At the beginning of the count, the YELQ party was easily outpacing the ruling Republicans, with the Tsarukyan party not far behind. By 3:30 am the count was finished, and the ruling party had 100+ votes more than its nearest competitor. Exhausted, everyone but the Secretary slumped in their chairs, waiting impatiently for her to fill out the official extract of the voting protocol. Again we couldn't get the prearranged taxi service to pick us up, so just before dawn Araxie and I walked back to our apartment to sleep well into the afternoon.
Looking back on our experience, we agreed that it was unquestionably worthwhile. We also agreed that we could suggest some changes to help observers. We discussed the language barrier and both of us had already decided we would volunteer again when our Armenian language skills reached a threshold level.
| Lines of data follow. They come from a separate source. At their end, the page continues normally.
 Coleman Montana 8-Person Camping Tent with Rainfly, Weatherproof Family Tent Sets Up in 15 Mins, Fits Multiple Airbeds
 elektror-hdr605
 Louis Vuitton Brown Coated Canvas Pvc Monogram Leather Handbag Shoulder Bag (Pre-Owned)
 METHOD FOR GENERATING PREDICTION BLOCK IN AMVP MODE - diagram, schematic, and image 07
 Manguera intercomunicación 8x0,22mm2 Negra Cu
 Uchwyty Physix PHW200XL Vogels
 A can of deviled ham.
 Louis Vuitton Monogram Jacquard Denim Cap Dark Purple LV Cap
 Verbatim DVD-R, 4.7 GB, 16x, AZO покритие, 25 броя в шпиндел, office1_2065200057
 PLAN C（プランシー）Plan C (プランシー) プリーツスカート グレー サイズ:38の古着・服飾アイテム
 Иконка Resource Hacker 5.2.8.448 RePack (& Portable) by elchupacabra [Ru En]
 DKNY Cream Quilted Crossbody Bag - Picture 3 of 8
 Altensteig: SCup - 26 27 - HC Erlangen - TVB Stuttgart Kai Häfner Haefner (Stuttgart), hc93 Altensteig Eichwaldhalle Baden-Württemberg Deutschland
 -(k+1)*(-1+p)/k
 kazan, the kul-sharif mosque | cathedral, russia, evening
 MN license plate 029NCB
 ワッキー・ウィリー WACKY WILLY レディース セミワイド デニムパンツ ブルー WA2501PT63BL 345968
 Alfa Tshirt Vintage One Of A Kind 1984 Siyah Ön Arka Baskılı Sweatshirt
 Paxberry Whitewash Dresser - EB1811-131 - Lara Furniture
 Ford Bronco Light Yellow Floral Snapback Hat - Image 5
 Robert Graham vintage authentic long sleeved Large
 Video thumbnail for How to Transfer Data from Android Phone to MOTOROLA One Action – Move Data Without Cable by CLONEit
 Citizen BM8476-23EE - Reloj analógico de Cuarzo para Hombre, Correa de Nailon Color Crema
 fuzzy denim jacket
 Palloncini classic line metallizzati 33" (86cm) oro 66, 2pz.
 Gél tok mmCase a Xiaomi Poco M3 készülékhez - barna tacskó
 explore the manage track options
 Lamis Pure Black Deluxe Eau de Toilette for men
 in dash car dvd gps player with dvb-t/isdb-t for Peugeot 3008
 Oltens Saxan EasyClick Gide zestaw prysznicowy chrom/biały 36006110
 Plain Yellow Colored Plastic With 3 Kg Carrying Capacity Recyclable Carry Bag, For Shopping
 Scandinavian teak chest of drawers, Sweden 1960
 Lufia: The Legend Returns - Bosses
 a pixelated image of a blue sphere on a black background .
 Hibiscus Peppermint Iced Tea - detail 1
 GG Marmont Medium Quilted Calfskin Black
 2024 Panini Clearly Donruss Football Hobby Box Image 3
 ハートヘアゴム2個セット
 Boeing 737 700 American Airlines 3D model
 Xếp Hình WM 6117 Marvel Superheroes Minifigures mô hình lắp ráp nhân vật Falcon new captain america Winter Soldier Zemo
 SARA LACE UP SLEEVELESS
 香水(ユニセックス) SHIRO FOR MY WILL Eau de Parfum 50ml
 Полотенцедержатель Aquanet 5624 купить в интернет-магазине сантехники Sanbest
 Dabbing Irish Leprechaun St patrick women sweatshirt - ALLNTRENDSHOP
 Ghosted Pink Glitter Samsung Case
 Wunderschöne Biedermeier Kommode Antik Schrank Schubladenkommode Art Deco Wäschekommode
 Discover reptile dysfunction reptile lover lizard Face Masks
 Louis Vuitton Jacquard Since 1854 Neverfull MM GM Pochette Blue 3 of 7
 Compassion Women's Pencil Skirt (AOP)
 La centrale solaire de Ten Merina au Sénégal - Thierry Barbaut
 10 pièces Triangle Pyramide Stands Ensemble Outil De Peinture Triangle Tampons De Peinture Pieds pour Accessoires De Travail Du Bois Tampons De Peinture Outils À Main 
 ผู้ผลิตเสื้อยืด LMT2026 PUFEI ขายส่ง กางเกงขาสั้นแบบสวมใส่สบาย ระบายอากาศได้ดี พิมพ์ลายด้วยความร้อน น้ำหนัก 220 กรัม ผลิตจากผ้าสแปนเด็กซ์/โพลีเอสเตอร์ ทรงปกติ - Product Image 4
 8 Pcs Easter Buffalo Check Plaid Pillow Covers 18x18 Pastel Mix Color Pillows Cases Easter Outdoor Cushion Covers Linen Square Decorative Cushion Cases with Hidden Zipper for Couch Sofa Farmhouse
The percentage of the eligible population that voted was significantly higher than in the US, a positive sign for Armenia's developing democracy. In our precincts the committee members seemed careful about following procedures. Four parties gained seats in this parliamentary election. To all the diasporans who have complained about corruption in Armenia's government and electoral process, I would say that one should consider the level of corruption in the mature US democracy and realize that in a developing democracy the corruption takes different forms than in the US, but that no government is immune to the corruption that comes with power. I would also suggest that you join us next time around to help encourage cleaner elections and the further development of the emergent democracy in our homeland. If we all pull together for Armenia and Armenians all over the world, what can't we accomplish for our future?